Der junge Mann neben mir ist jetzt wach geworden. Seit Besteigen des Boots ist er unter der Decke gelegen und hat sich kaum bewegt. Er reibt sich die Augen und sieht sich um, verwundert, wie es mir scheint, weniger über meine Hautfarbe als darüber, sich plötzlich in einem Boot auf dem Ozean wiederzufinden. Sehr höflich erkundigt er sich bei mir, wo wir jetzt seien.

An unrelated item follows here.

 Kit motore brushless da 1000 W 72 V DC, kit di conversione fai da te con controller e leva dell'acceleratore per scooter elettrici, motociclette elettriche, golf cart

Er erweckt den Eindruck, als könne er sich gar nicht erinnern, warum er überhaupt an Bord gekommen ist, dabei verfügt er auch über einen Sack mit seinem Gepäck. Ein wenig fahrig sucht er etwas darin und zieht schließlich ein recht modernes Mobiltelefon hervor. Er steht auf und macht einige Fotos vom Boot. Als er eine Nummer eintippt und sich wundert, keine Verbindung zu haben, lachen etliche.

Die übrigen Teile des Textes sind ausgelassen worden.